In my junior year of college I decided to go to Spain on a whim. A serious whim (as in, no real planning went into this decision). I didn’t know anyone in the study abroad program, I knew nothing about the culture other than what I learned in class, and I was trying to finish up my minor degree in one semester. I was having some other life crises at the time as well, but that’s another story…
So, with the program, I moved to Cádiz in Southern Andalucía for four months (Andaluthia, if we’re being really accurate here). I had an amazing time. I made lifelong friends that I was able to travel with and see Europe for the first time. I tasted delicious food, wine, coffee, and pastries. I saw so many amazing pueblos and Spanish cities that looked untouched by time and modernization. I also had a warm and caring host mom who force-fed me tortilla and gazpacho on a regular basis, and I loved it!

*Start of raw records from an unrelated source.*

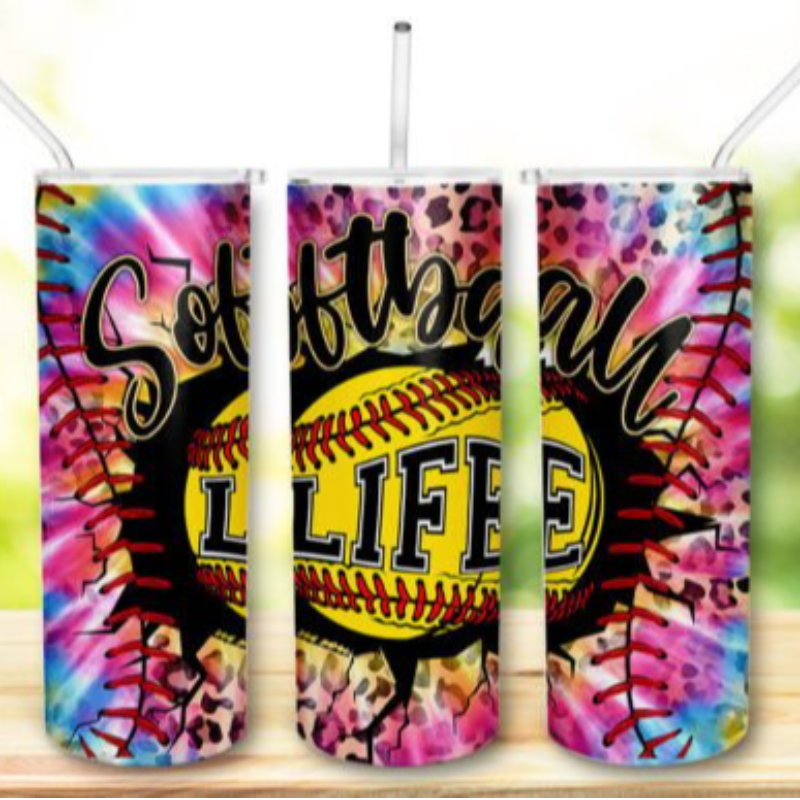 Softball Life  Main Image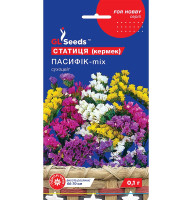 Насіння Статиця Пасифік суміш GL Seeds 0,1 г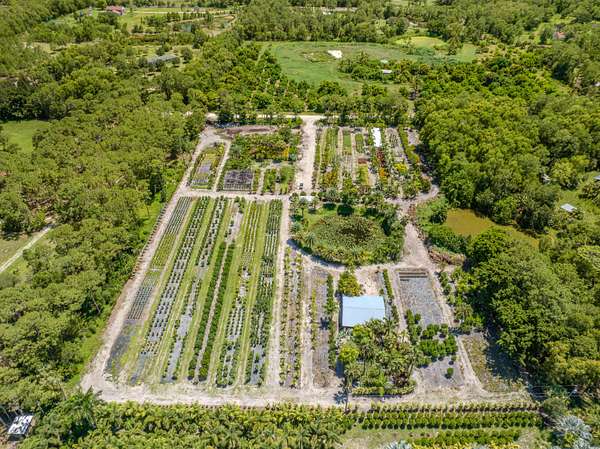 5 Acres of Agricultural Land for Sale in Palm Beach Gardens, Florida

However, I did have a few regrets at the end of the journey. I think I went for the wrong reasons and therefore did not fully appreciate being there. I was afraid to speak Spanish so I relied on English and didn’t immerse myself in the language. It was also my first time in Europe, so rather than using free weekends and trips to see the rest of Spain, I went to see other countries, like Ireland and Morocco. As I said before, I had a wonderful time! But by the end of my four months there, I was homesick and distracted and ready to move on.
Now, nearly 4 years later, I have an intense desire, dare I say need, to go back to that wonderful country and appreciate it in all its glory. I want to keep traveling, to keep teaching English, and most importantly, to use my Spanish! I miss the food, the people, the lifestyle, the small towns, the lisping S’s and rolling R’s. I want to do well by Spain this time, to be a true and caring lover (yeah, I’m using an affair metaphor here, that’s how serious we’re talking!).

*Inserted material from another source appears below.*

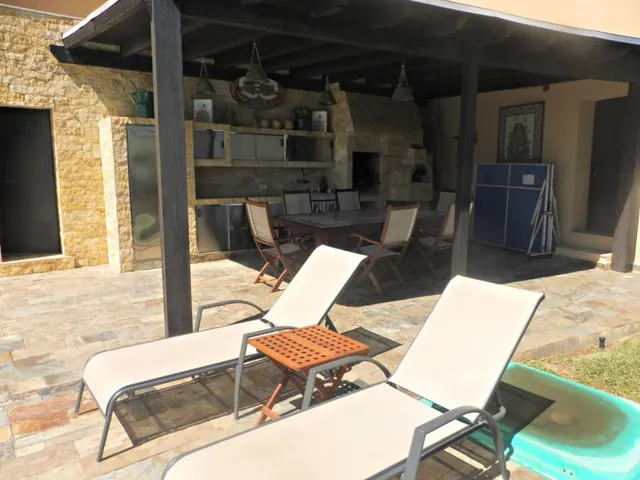 Chalet con vistas despejadas al mar en la mejor Urb. de Málaga — 24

So, I have applied to two English teaching programs in Spain that will allow me to legally live there for a year. So far in this blog, I am writing about my efforts to get into the programs and the torturous anticipation of the waiting process. In the meantime, I will regale you with my stories of European travel and weigh you down with my hopes and dreams for my future year abroad. Or, for something a little different, you can always check out the Thailand portion of this blog. Enjoy!
I currently have the privilege (or some days, the burden) of teaching the all-male students of Wat Benchamabophit Matthayom School:
Wat Ben is a high school, so the students are aged 12-18. They are all males, though we have a healthy population of sassy lady-boys (and I mean, sassy!) I only teach grades 1-3 (ages 12-15) but I still get warm ‘HELLO TEACHER!’s from the older students. I teach Math and Science in English, which most days is a struggle but also a lot of fun.
For example, I had to teach Sexual Reproduction to a bunch of 13 year-old boys. Naturally, it turned into us laughing for 30 minutes straight – me, because they kept saying ‘wageena’ (vagina is near-impossible for them to say, those pesky V’s!) and them, because their female teacher was saying ‘penis’.
There is a lot of pride in our school, because it’s located on the grounds of a famous wat – Wat Benchamabophit. The temple was built around 1900 by a famous king of Thailand, King Chulalongkorn. Real marble was imported from Italy for the grounds, hence it’s nickname, the Marble Temple. It’s so infamous, in fact, that it’s on the back of the 5 baht coin! (Yeah, I bust out a 5 baht coin whenever I proudly state where I teach, don’t judge me!)
Despite our prestige, the school itself is unexceptional. The students perform at the average level and there are some major organizational and disciplinary issues. That said, the kids are a joy to teach and always surprise me. They are my own culture and language teachers and at the end of the day I’m really grateful to be their teacher.